A Dactylopius coccus, assim cataloga a ciência a minúscula cochonilha de cinco milímetros, tem o seu habitat natural nos ambientes secos da América Central e do Sul. Proveniente de uma família alargada, com mais de 67 mil espécies, a cochonilha soma parentes próximos nos pulgões e cigarras. A curta vida de escassas semanas, passa-a o inseto imóvel a parasitar um cato endémico das Américas. Das palmas do cato nopal a fêmea de cochonilha extrai seiva e humidade. Ali nasce, procria e fenece a cochonilha, sem nunca abandonar o mesmo local. A imobilidade que expõe o inseto aos predadores naturais é recompensada pela produção abundante de ácido carmínico, um agente natural de defesa que ocupa até 22% do corpo do inseto. Má fortuna para a cochonilha. O agente que a defende de pequenos predadores deixa-a há centenas de anos à mercê do predador no topo da cadeia alimentar, o Homem.

Quando no século XV, Espanha atracou nas margens do Novo Mundo, há muito que Astecas e Maias, recorriam ao corante propiciado pela cochonilha. Com ele cobriam o corpo, ilustravam códices, tingiam tecido e as paredes das habitações. Eram também detentores do processo de fabrico, "semeando" na palma de nopal o inseto na fase de reprodução. Volvidas poucas semanas, multiplicada a colheita, uma miríade de cochonilhas era varrida para potes, depois mergulhadas em água quente e seca ao sol. A obtenção de 1 Kg de corante de cochonilha obrigava à secagem de 80 a 100 mil insetos. Milhares de toneladas de corante de cochonilha serviam um comércio e consumo entre os povos nativos da Mesoamérica.
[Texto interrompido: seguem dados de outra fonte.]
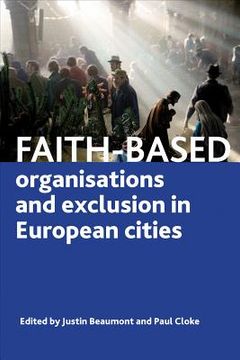 portada faith-based organisations and exclusion in european cities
Uma opulência de cor à qual não foi alheia a atenção do espanhol Hernán Cortés quando, em 1519, conquistou Tenochtitlán a capital do Império Asteca. O manto do imperador Montezuma exibia-se num vermelho cintilante. Cortés via as semelhanças entre aquela cor e uma outra que a Europa conhecia há séculos, o carmesim, extraído do inseto Kermes vermilio, habitante de várias espécies de Quercus mediterrânicos, como o carvalho. Ao contrário do corante europeu, de baixa resistência à luz solar, o corante americano reagia com fulgor à passagem do tempo.
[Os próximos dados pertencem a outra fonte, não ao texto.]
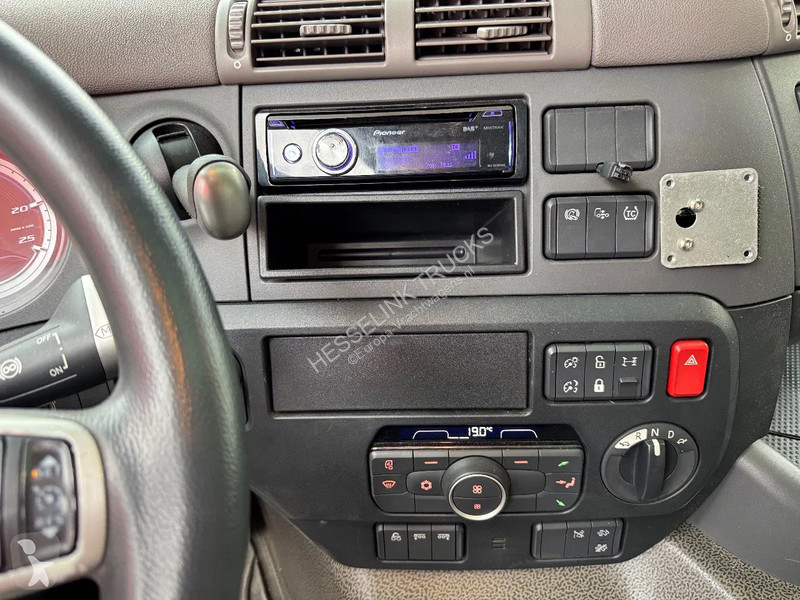 Camion DAF 480 8X2 KENNIS K16R3 Kraan Combi...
O magnetismo do vermelho obtido da cochonilha não ofuscou os conquistadores, obcecados com fortuna mais óbvia, a proporcionada pelo ouro e prata. Décadas depois, aberta a porta das Américas a mercadores espanhóis, o país de Cervantes passou a receber toneladas de cochonilha colhida por povos nativos. A produção que em 1557 era de 23 toneladas, passou para perto de 67 toneladas em 1574. Do solo espanhol, o corante irradiava para a restante Europa que indagava sobre a fonte da riqueza e investia em espionagem. Entre os espiões evidenciou-se o botânico francês Nicolas-Joseph Thiéry de Menonville que em 1777, ao serviço da coroa, contrabandeou alguns insetos e catos para Santo Domingo, na República Dominicana. Para seu infortúnio, a cochonilha e o nopal sucumbiram. A cochonilha é caprichosa e fraqueja com a chuva ou mudanças bruscas de temperatura.
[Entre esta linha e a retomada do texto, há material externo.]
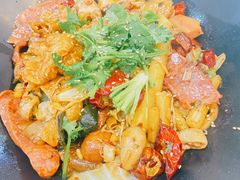 麻辣香锅-东川麻辣香锅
O nó urdido pelo mistério por quase 300 anos desenlaçou-se após a Guerra da Independência do México entre 1810 e 1821. A dupla nopal/cochonilha ganhou novos territórios, nomeadamente na Guatemala e nas Ilhas Canárias. Em 1869, um novo corante sintético, a alizarina (antes proveniente da raiz de garança) alcançou escala industrial. De cor mais duradoura e mais barato, destronou a cochonilha e um comércio milionário.

Volvidos perto de 500 anos desde o encontro da Europa com a cochonilha das Américas, o inseto continua a habitar o nosso quotidiano. O belo tom carmim conquistou o seu quinhão como corante natural em iogurtes, bebidas alcoólicas, gelatinas, gelados, enchidos, entre outros. A Dactylopius coccus subsiste no século XXI com o código E120 na lista de aditivos alimentares.

A introdução na Europa da cochinilha americana refreou no século XVI a procura de uma matéria-prima para corante há muito colhida na região mediterrânica, onde parasita em carvalhos o Kermes vermilio. O processo de secagem do inseto produzia um corante carmesim, aplicado em pinturas rupestres no Neolítico. Na Idade Média, a produção de Kermes preponderava no sul de França e sudoeste da Península Ibérica. Labor que exigia mão de obra entregue a uma tarefa lenta. O corante resultante tinha grande procura junto de tintureiros. Tingir uma peça de pano para uma capa poderia exigir até um milhão e meio de insetos.